We may grieve that friends or loved ones are unsaved (Rom. 9:2; 10:1-2). There are also the many griefs engendered by sin (I Tim. 6:10), but there’s also a godly sorrow that leads to repentance from sin (II Cor. 7:10). In heaven, the children of God will no longer sorrow (Rev. 21:4). And, even now, we do not “sorrow as others who have no hope” (I Thess. 4:13). But that does not mean we are immune to it, and the Lord can give relief.

2) Cares
This word identifies the problem of being overwhelmed by those things that concern us, inundated with too many jobs or too many problems, to the point of distraction (i.e. that it’s difficult to concentrate on what we need to do).

The Lord Jesus used the analogy of seeds and soil to describe this condition. When the seed of His Word is sown, the lives of some people are so infested with thorns (weeds) that the Word is choked out and does not bear fruit as it should. The thorns represent “the cares of this world and the deceitfulness of riches” (Matt. 13:22), as well as captivation by the “pleasures of life” (Lk. 8:14). When Paul speaks of his daily “deep concern for all the churches” (II Cor. 11:28), he uses the same Greek word. Again, relief is available in the Lord (I Pet. 5:7).

3) Burdens
A burden is a load, a heavy and wearying weight.
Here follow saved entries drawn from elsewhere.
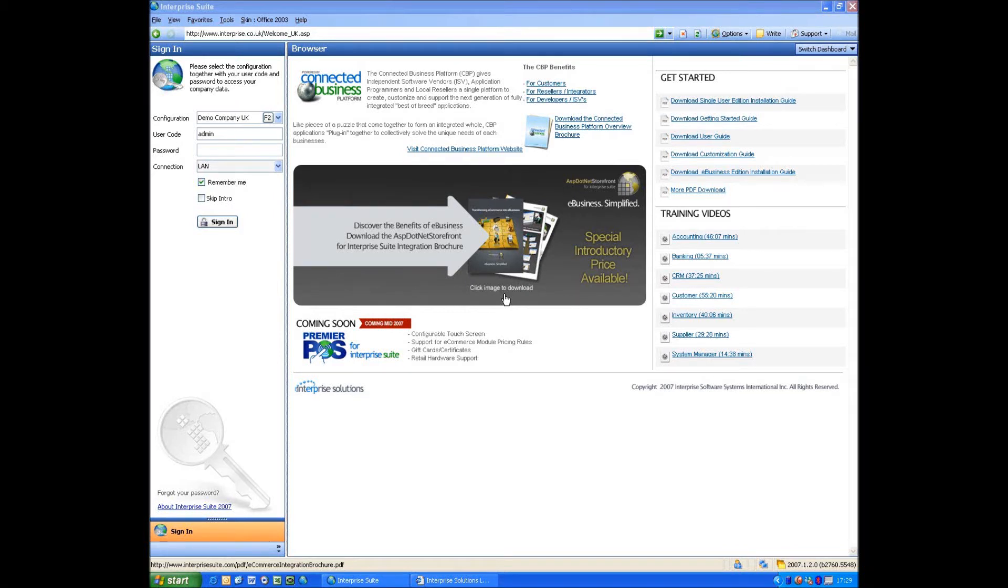Hello and welcome to the Enterprise eCommerce demonstration. What I'm going to do is show you the integration between Enterprise Suite and ASP.NET Storefront.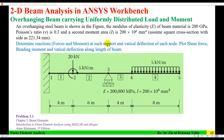Hello everyone. This video tutorial is about 2D beam analysis in ANSYS Workbench. An overhanging steel beam is shown in the figure. Its modulus of elasticity is 200 gigapascal and second moment of area is 200 into 10 to the power 6.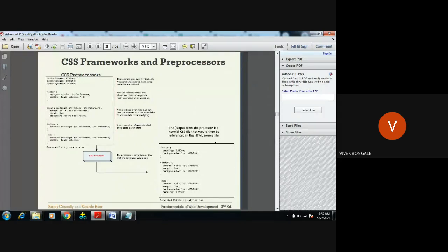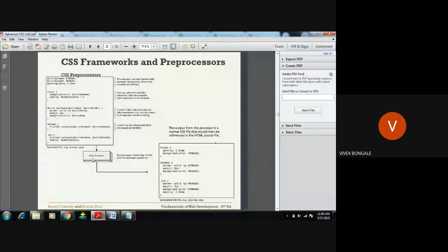One example is the SASS processor. SASS stands for Syntactically Awesome Style Sheets. This processor converts other programming language code into our CSS program.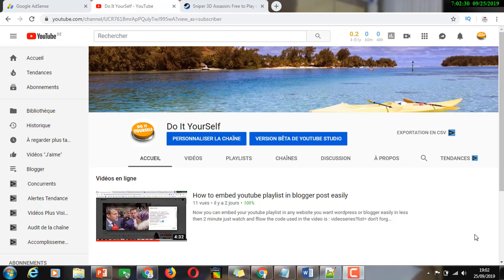Hi guys, welcome to our channel. If you have any problem in your daily life, we will help you to solve it. Today we will talk about how to replace a comma with a new line using Find and Replace in Word or in Notepad++. This operation is reversible and you can turn the text back to the initial situation. Let's start — it's less than two minutes.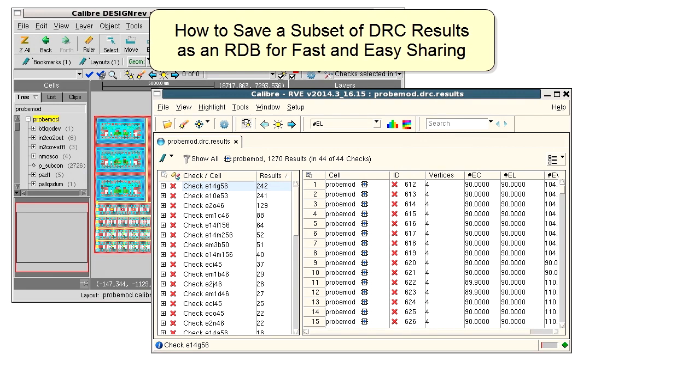Hello, I am working with a DRC results database with many results and I'd like to share certain of the results with a co-worker.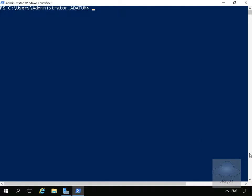In this demonstration, we're going to look at managing storage spaces using Windows PowerShell. On my server, I've come into Windows PowerShell, and the first command I'm going to issue will return a list of storage pools with their current health and operational status. The first command we're going to issue is Get-StoragePool.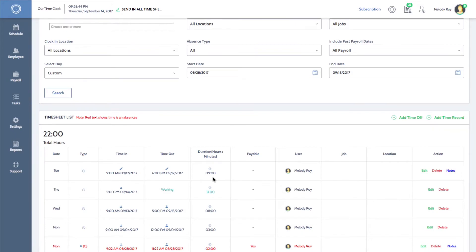Your employees can also manually enter their own clock ins from their dashboard. However, any time record submitted must be approved by a manager before it is applied to their account.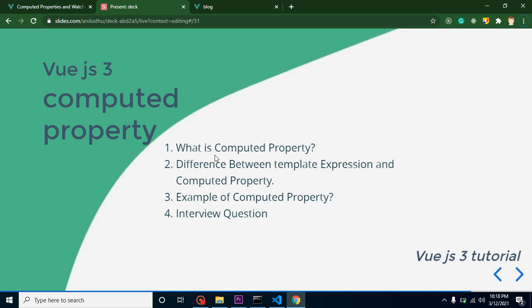The first question is: what is a computed property? It is basically used to display the data or result of some properties. We use computed properties only when we have a very large and complex logic. When we want to print some very simple data, we can simply use a template expression.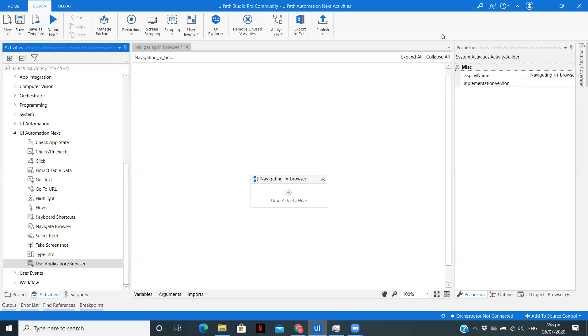Hello, I am Pawar Durshi, exploring the world of RPA and sharing my learnings with you by making videos. This is the second video in the series of UI Automation Next activities.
The Apostle Paul knew about burdens. Though he gives no details, Paul speaks of “our trouble which came to us in Asia: that we were burdened beyond measure, above strength, so that we despaired even of life” (II Cor. 1:8). Or as Philips paraphrases, “At that time we were completely overwhelmed, the burden was more than we could bear, in fact we told ourselves that this was the end” (The New Testament in Modern English).

Such things make us long for our heavenly home (II Cor. 5:4). For himself, the apostle tried not to be a burden to others, when he came among them to preach the gospel (I Thess. 2:9). For this reason, he sometimes worked at the tent making trade to support himself (Acts 18:3).

The Lord Jesus criticized the Pharisees for laying an unbearable burden on the Jewish people, with their traditions and minuscule man-made religious rules (Matt. 23:4; Lk. 11:46). In contrast, a relationship with the Lord brings “rest for [our] souls,” and we will find “[His] yoke is easy and [His] burden is light” (Matt. 11:30). What the Lord calls upon us to do is “not burdensome” (I Jn. 5:3). And we can, in fact, serve the Lord by helping others with their burdens (Gal. 6:2).

4) Anxieties
To be anxious is to be troubled and worried. It also has an element of fear in it. Stressfulness is a close relative. It’s possible the individual is anxious about specific things. But there is also a kind of free-floating anxiety that attaches itself, leech-like, to whatever is happening. Doctors have long known that this kind of condition, when intense and persistent, can seriously affect our physical health. “Anxiety in the heart of man causes depression [causes him to stoop under its weight], but a good word [of encouragement] makes it glad” (Prov. 12:25).

The answer the Bible gives to this problem comes close to the one Colonel Joy provides in his hymn. It is that we bring our anxieties to the Lord in prayer. For this, the hymn writer uses the imagery of coming to the cross (CH-1), and coming to the mercy seat (refrain). For a discussion of the latter, see the secondary link in the other article in Wordwise Hymns.

God’s Word urges us to “be anxious for nothing, but in everything by prayer and supplication, with thanksgiving, let your requests be made known to God” (Phil. 4:6). Further, as we set right priorities in life, the Lord will lift our burden of anxious care (Lk. 12:29, 31).

CH-2) No other friend so swift to help you,
No other friend so quick to hear,
No other place to leave your burden,
No other one to hear your prayer.

Questions:
1) What is the main reason so many Christians seem to suffer in these four ways?

2) How would you counsel a believer who struggled in one of these areas?

Links:
Wordwise Hymns
The Cyber Hymnal


Responses

  1. A very timely post today, given the catalogue of troubles I currently face!
    Thank you for the encouragement.

    • Thanks. It’s a meaningful hymn to me too, with things going on in my life these days.